Of course, that relationship isn’t set in stone; a student’s performance on a midterm exam doesn’t cement their performance on the final! A student might use a poor result on the midterm as motivation to study more for the final. A student with a really good grade on the midterm might be overconfident going into the final and as a result won’t prepare adequately.

The statistical method of *regression* can find a formula that does the best job of predicting a score on the final exam based on the student’s score on the midterm as well as give a measure of the confidence of that prediction! In this section, we’ll discover how to use regression to make these predictions. First, though, we need to lay some graphical groundwork.

# Relationships between Quantitative Datasets

Before we can evaluate a relationship between two datasets, we must first decide if we feel that one might depend on the other. In our exam example, it is appropriate to say that the score on the final depends on the score on the midterm rather than the other way around: if the midterm depended on the final, then we’d need to know the final score *first*, which doesn’t make sense.

Here’s another example: if we collected data on home purchases in a certain area and noted both the sale price of the house and the annual household income of the purchaser, we might expect a relationship between those two. Which depends on the other? In this case, sale price depends on income: people who have a higher income can afford a more expensive house. If it were the other way around, people could buy a new, more expensive house and then expect a raise! (This is very bad advice.)

It’s worth noting that not every pair of related datasets has clear dependence. For example, consider the percent of a country’s budget devoted to the military and the percent earmarked for public health. These datasets are generally related: as one goes up, the other goes down. However, in this case, there’s not a preferred choice for dependence, as each could be seen as depending on the other. When exploring the relationship between two datasets, if one set seems to depend on the other, we’ll say that dataset contains values of the response variable (or dependent variable). The dataset that the response variable depends on contains values of what we call the explanatory variable (or independent variable). If no dependence relationship can be identified, then we can assign either dataset to either role.

Example 1

For each of the following pairs of related datasets, identify which (if any) should be assigned the role of response variable and which should be assigned to be the explanatory variable.

a) A person’s height and weight

As people get taller, their weight tends to increase. But if a person goes on a diet and loses weight, we don’t expect them to also get shorter. So weight depends on height.

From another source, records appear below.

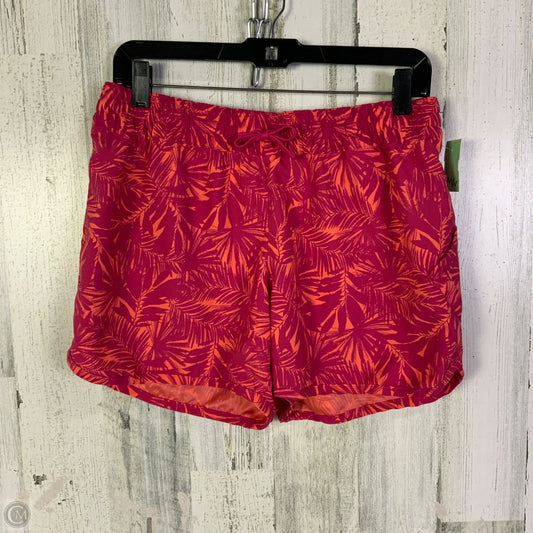 Athletic Shorts By Columbia In Red, Size: M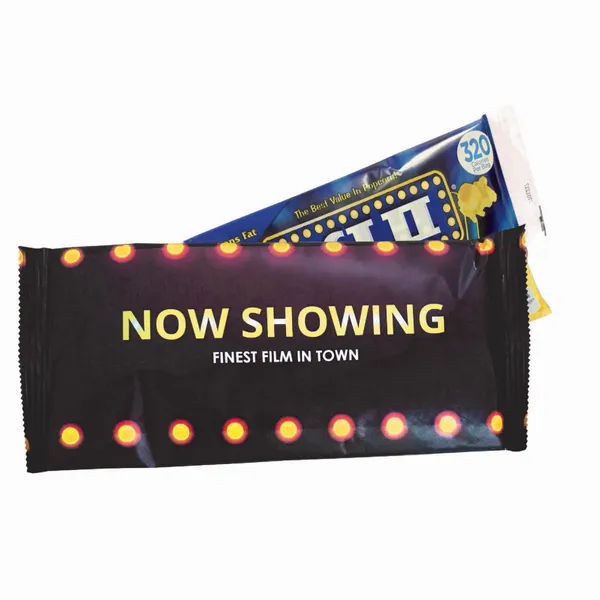 Microwave Popcorn Flat - Custom Phone Wallets Now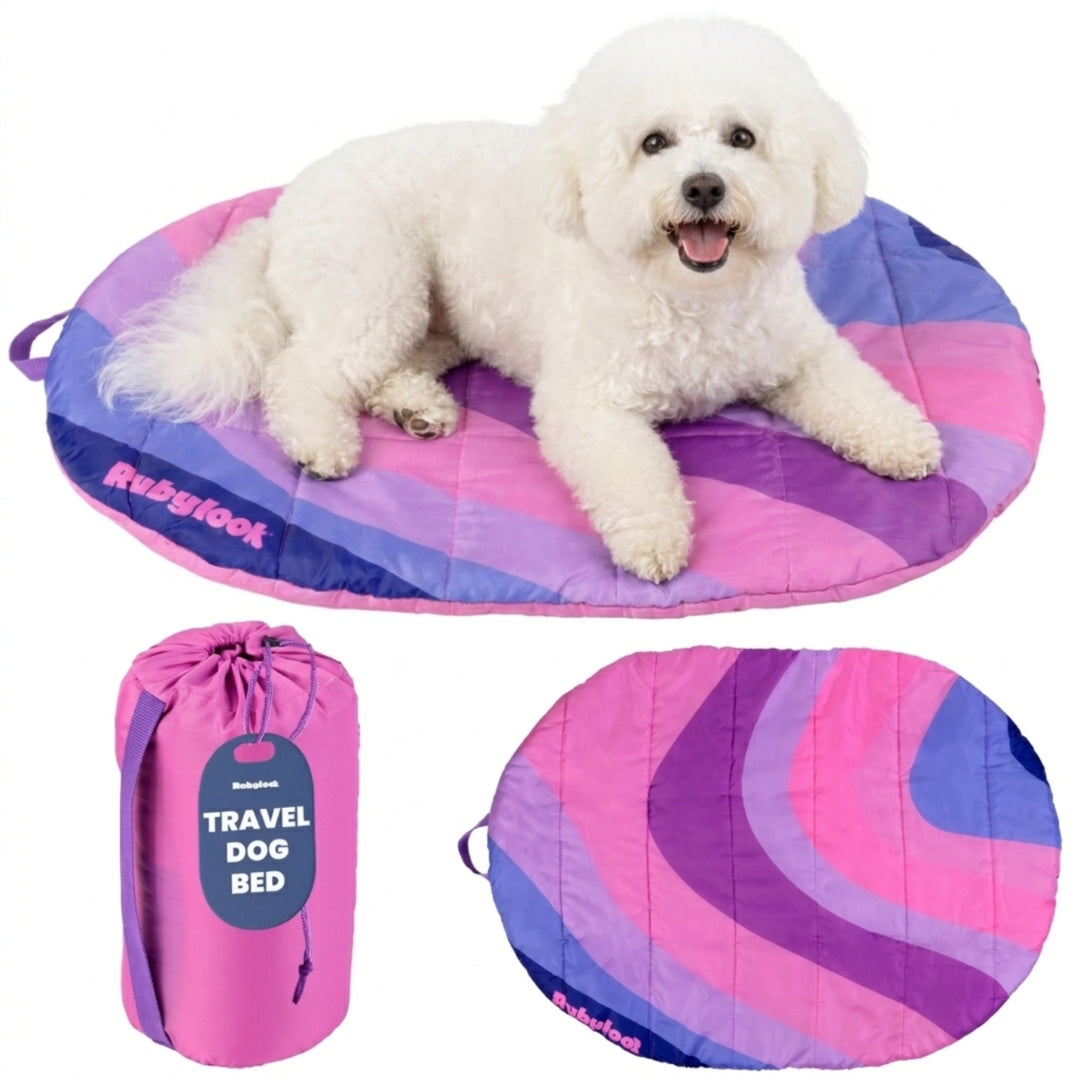 The Rubyloo Packable Travel Bed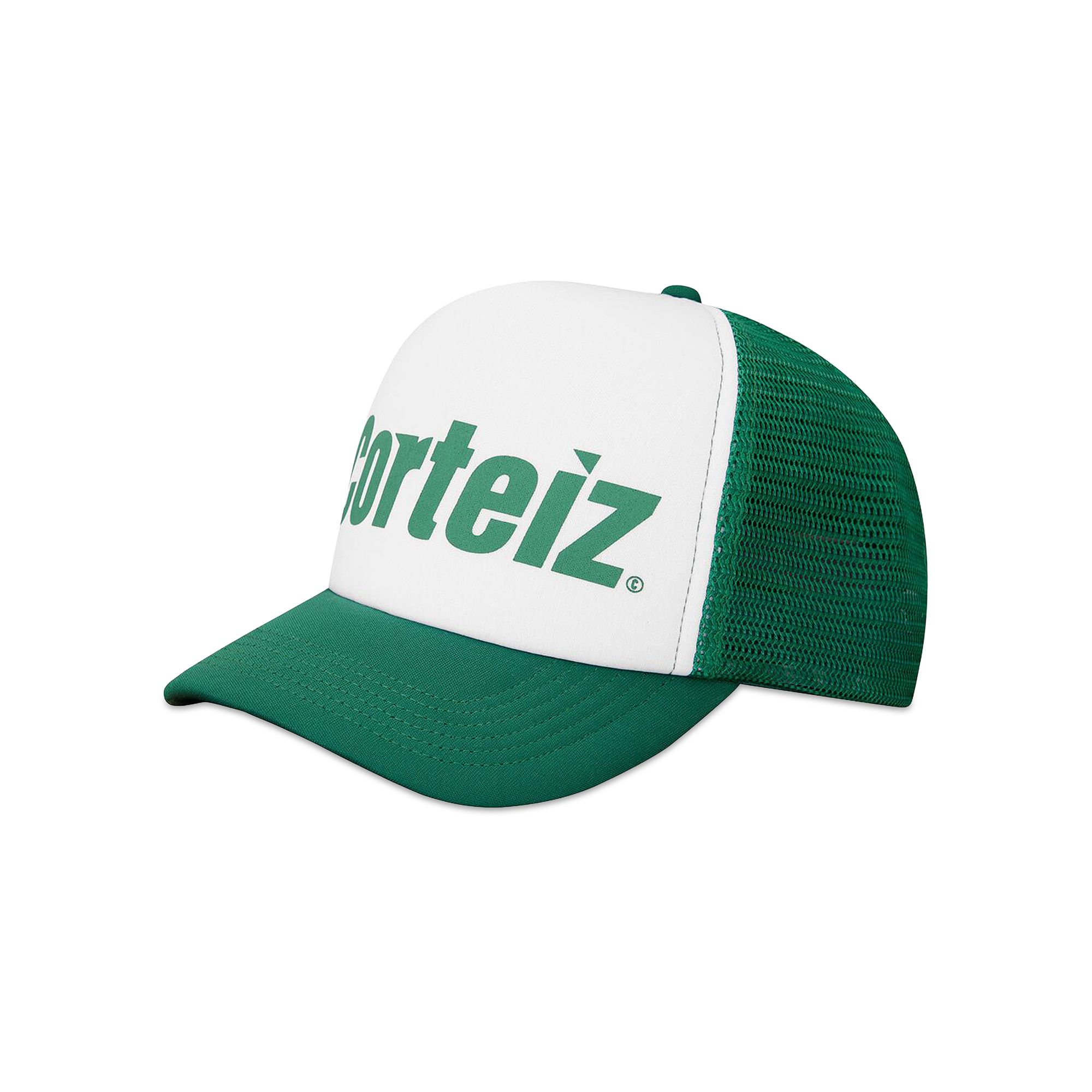 Buy Corteiz Rental Trucker Hat 'Green' - CRTZ1049 399 | GOAT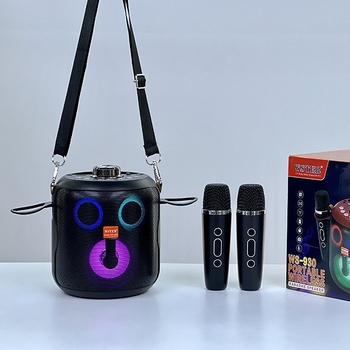 Prijenosni Bluetooth zvučnik, 5W izlaz, Bluetooth 5.3, frekvencijski odziv 100 Hz–20 kHz, SNR ≥75 dB, ugrađena baterija 2000–4000 mAh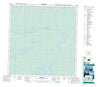 085E10 No Title Canadian topographic map, 1:50,000 scale
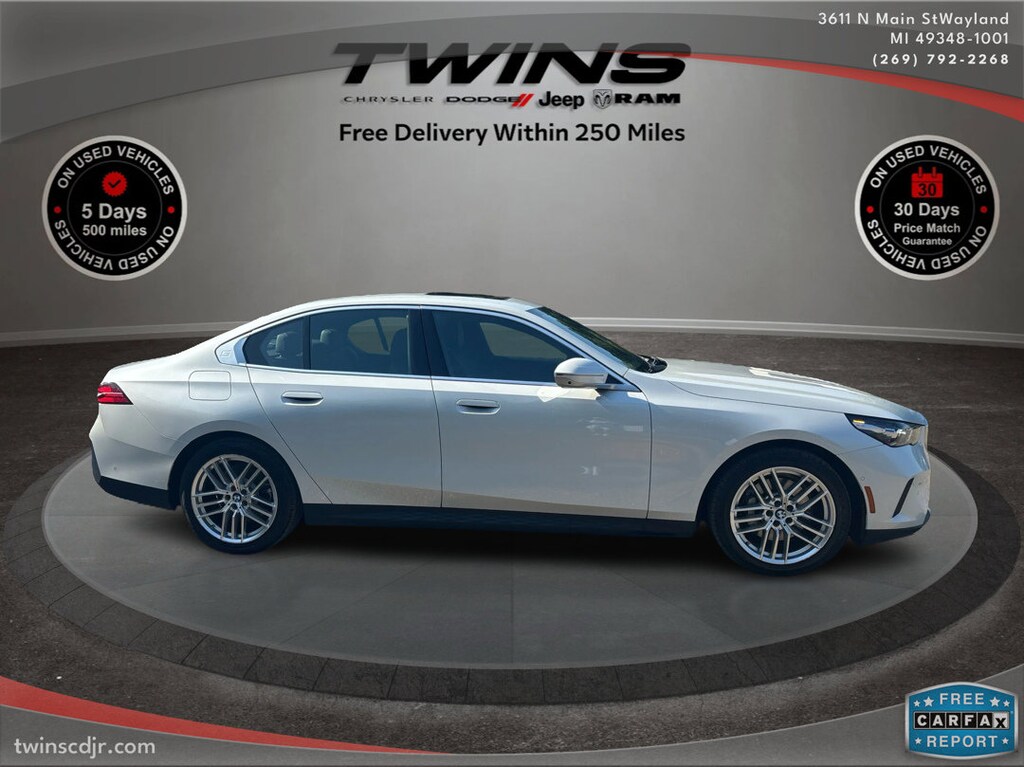 Used 2025 BMW 5 Series 530i xDrive Sedan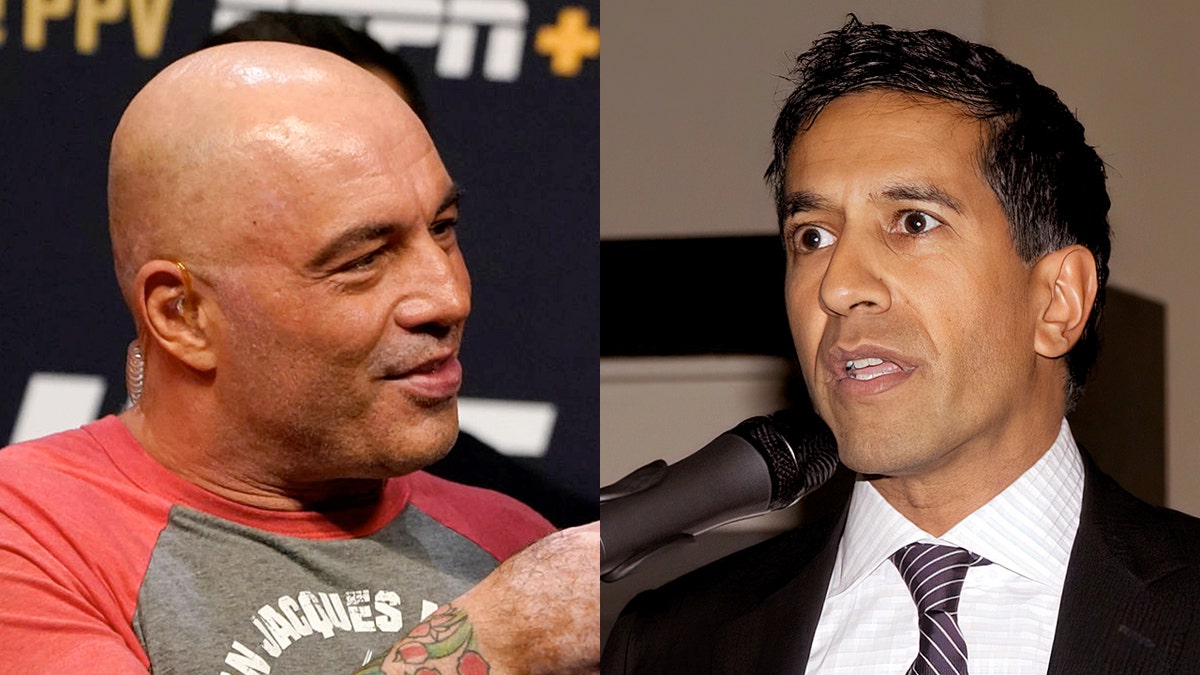 Joe Rogan, Dr. Sanjay Gupta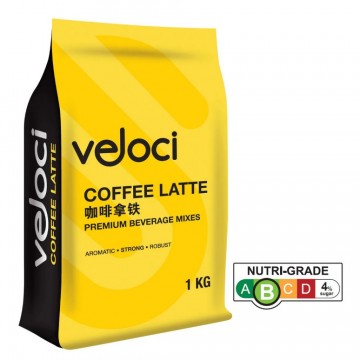 Veloci Coffee Latte Powder 1kg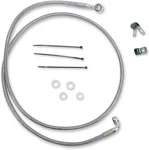 Drag Specialties Extended Front Brake Line Kit 53.25 +8 For 99-07 Fxst 1741-2673. Fixed Price $60.13.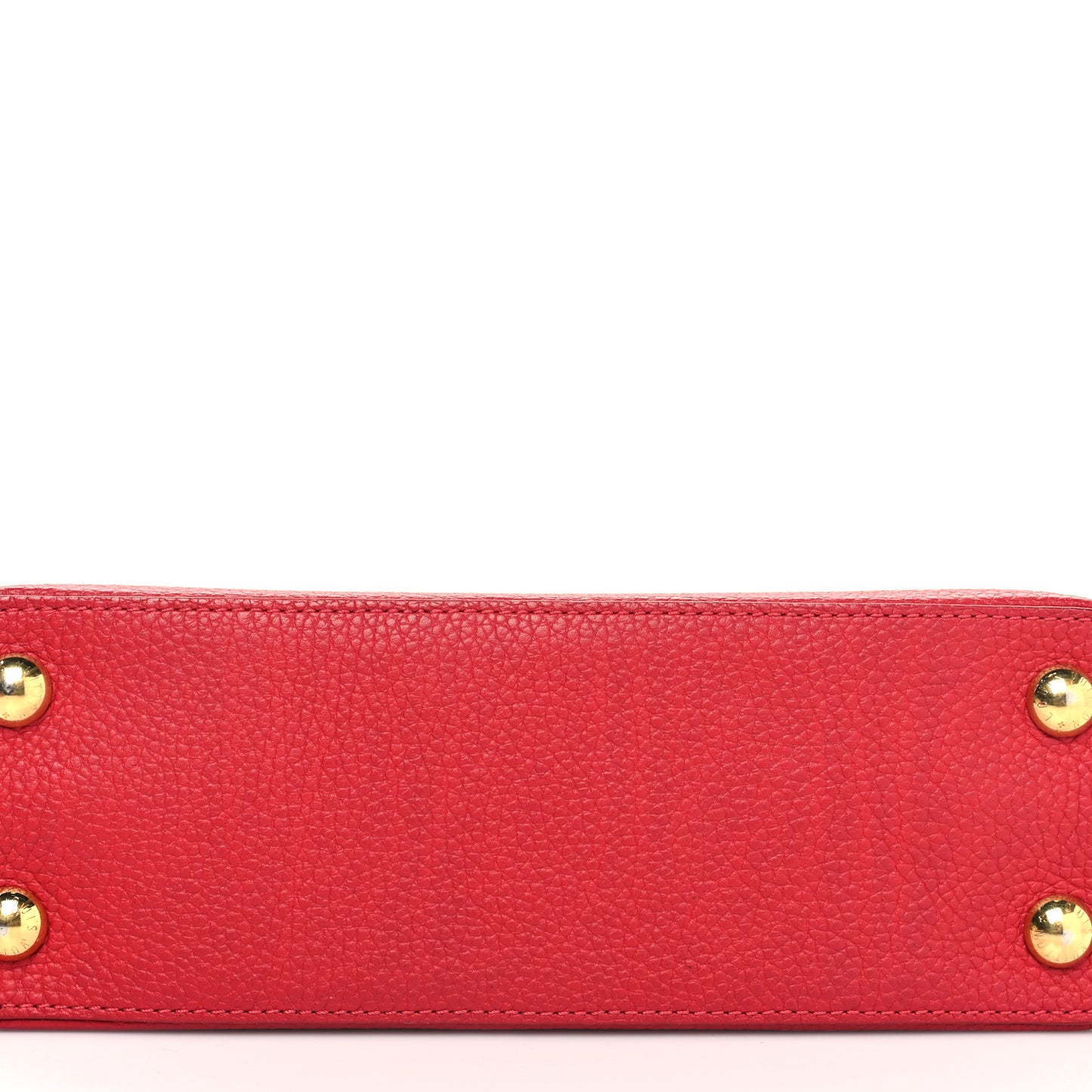 Taurillon Capucines BB Scarlet Red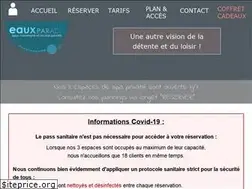 Sites similar to eaux-paradis.com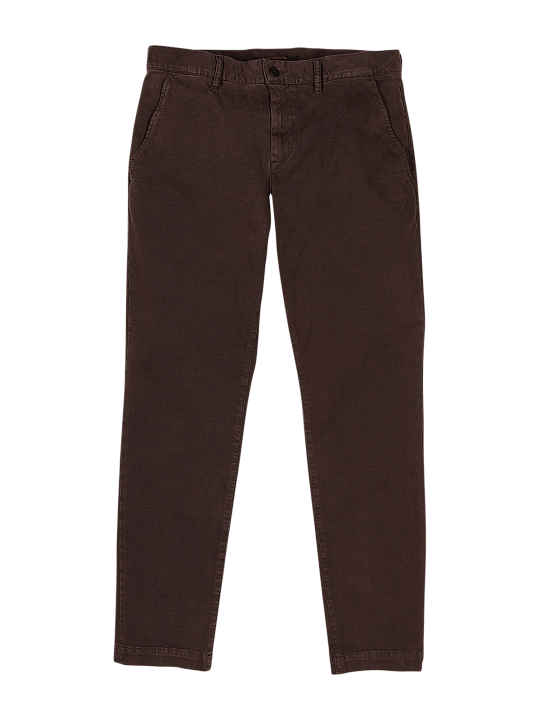 Alberto Lou-KL Chino Regular Fit Terra Twill Pantalon Homme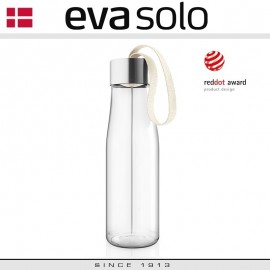 Бутылка MyFlavour для воды со съемной пикой для фруктов, 750 мл, бежевый, Eva Solo, Дания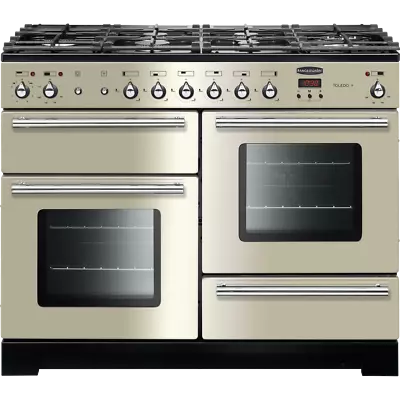 Rangemaster TOLP110DFFIV/C Toledo + 109cm Dual Fuel Range Cooker 6 Burners • £1519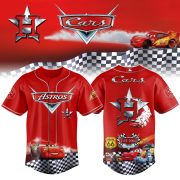 Houston Astros Cars 20th Anniversary Inspired Limited Edition Baseball Jersey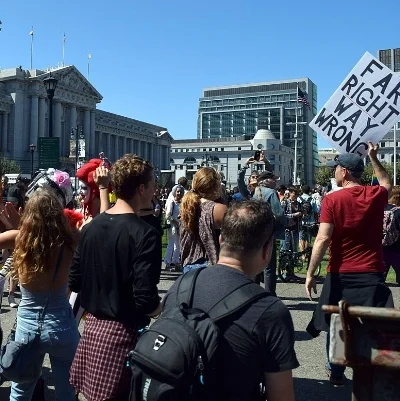 Protests of Political Correctness, photo courtesy of Wikimedia Commons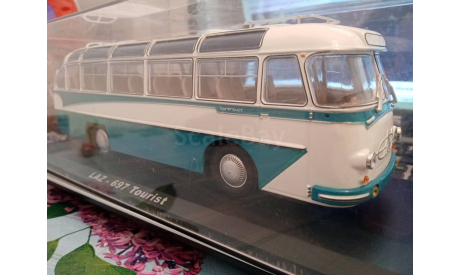 Автобус ЛАЗ-697, масштабная модель, Classicbus, scale43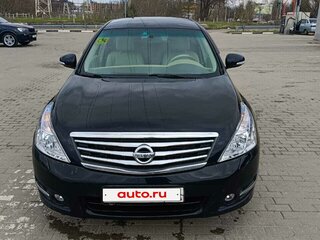 2008 Nissan Teana II (J32), чёрный, 850000 рублей, вид 2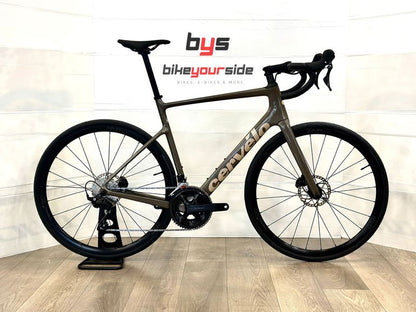 Cervelo Caledonia 2026 usata — vista laterale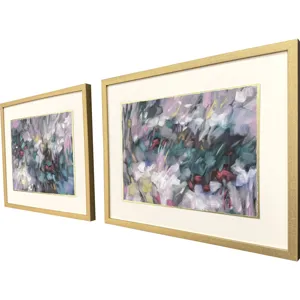 Wild Garden II S/2 Framed Art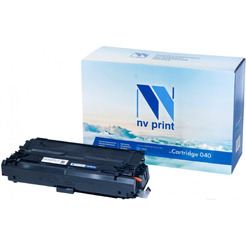 Картридж NV Print NV-040 Cyan (аналог Canon 040M)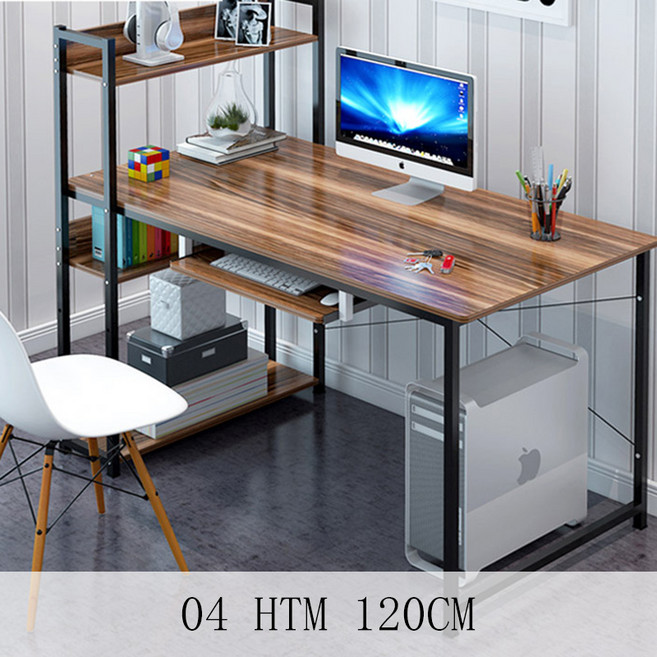 뉴타임즈13 컴퓨터탁상용 책상 조합 가정용 경제형 학생침실 노트북 XT26 A18, 04 HTM 120CM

That means we’ll say that the response variable is *weight* and the explanatory variable is *height*.

b) A professional basketball player’s salary and their average points scored per game (which is a measure of how good they are at basketball)

The more points a basketball player scores, the more money they should make. But if a basketball player gets a raise, we wouldn’t expect them to get better at basketball as a result. So the response is *salary* and the explanatory is *points per game*.

c) The length and width of leaves on a tree

The way that the length and width of leaves are connected isn’t clear. It seems reasonable that as the width goes up, so would the length. But the other direction is also plausible: as the length goes up, so does the width. Without a clear dependence relationship, we’re free to declare either to be the response and the other to be the explanatory.

Exercise 1

Given these pairs of datasets, identify which (if either) would be the best choice for the *response* variable.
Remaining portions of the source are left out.